Sometimes the only way through darkness is to return to where it began.
Marianne Stokes fled England at seventeen, spiraling into the manic depression that would become her shadow. She left behind secrets, memories, and tragedy: one teen dead, and her first love, Gabriel, badly injured. Three decades later she’s finally found peace in the North Carolina recording studio she runs with her husband, Darius, and her almost-daughter, Jade…until another fatality propels her back across the ocean to confront the long-buried past.

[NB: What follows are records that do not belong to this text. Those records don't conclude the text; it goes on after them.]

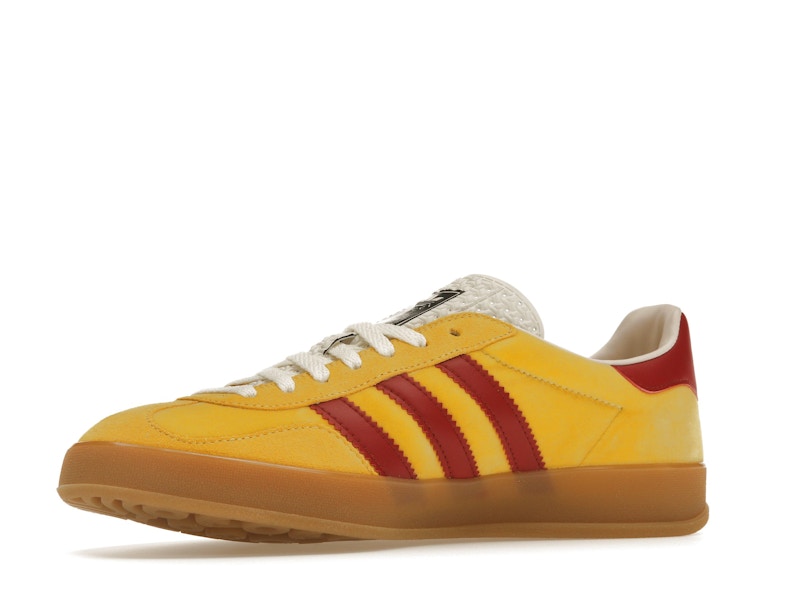 adidas x Gucci Gazelle Yellow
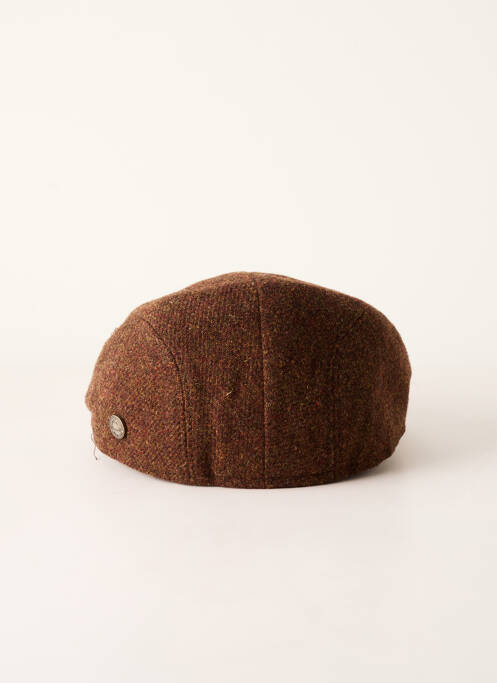 Casquette marron MTM pour homme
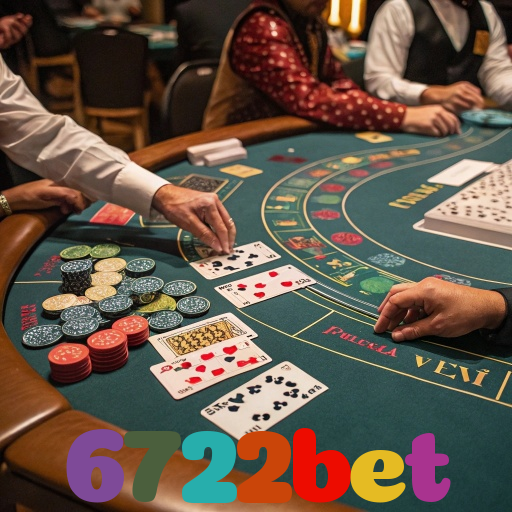 6722bet：Aposte nas melhores slots e conquiste prêmios como nunca!
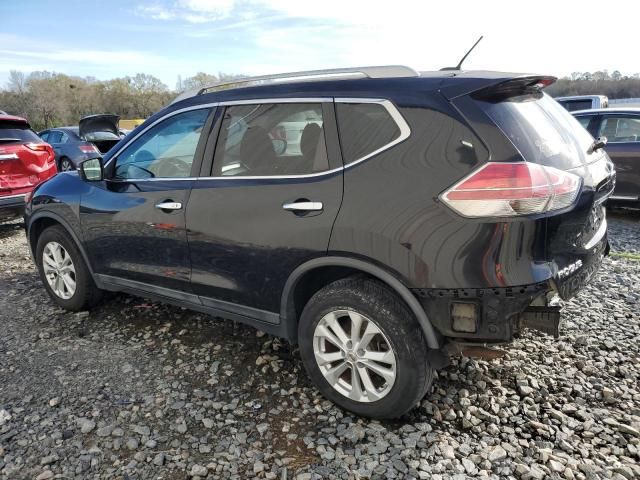 2014 Nissan Rogue S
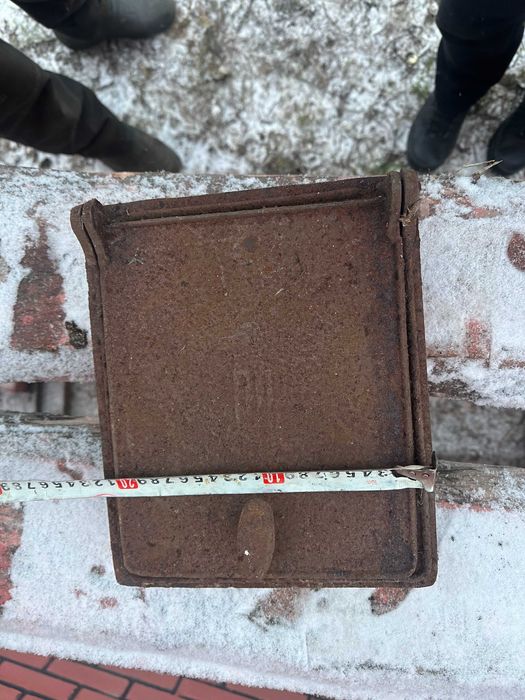 Дверка пекчки   Новая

In her picturesque childhood village, the first person she meets is the last person she wants to see again: Gabriel. Now the village vicar, he takes her in without question, and ripples of what if reverberate through both their hearts. As Marianne’s mind unravels, Jade and Darius track her down. Tempers clash when everyone tries to help, but only by finding the courage to face her illness can Marianne heal herself and her offbeat family.
I know I shouldn’t call a book about someone trying to deal with their bipolar illness a fun read, but that’s exactly what I thought about Echoes of Family. It’s about real life, real people, some of them are a touch quirky but there’s something of each of us in these fictional and that’s what made it fun.
I felt like I was looking over their shoulders and my heart went out to the main character, Marianne. She’s been an outcast and suffering with mental illness and when she returns home everything seems to come to the boiling point for her and the people she left behind on both sides of the ocean.
Mental illness is a tough issue to tackle in fiction but I think the author did a wonderful job with it. This was in no way a depressing book but one where you cheer on the characters and hope that everything will eventually be okay for them.
I love that it centered around Marianne’s family and her adopted daughter Jade. It was their story, also the story of her and her husband, and of Gabriel, the man from her past. One of my favorite lines from the book was guilt should have an expiration date which for me summed up the theme of the story.
If you like family dramas with well round characters I’d say put this one on your fall reading list.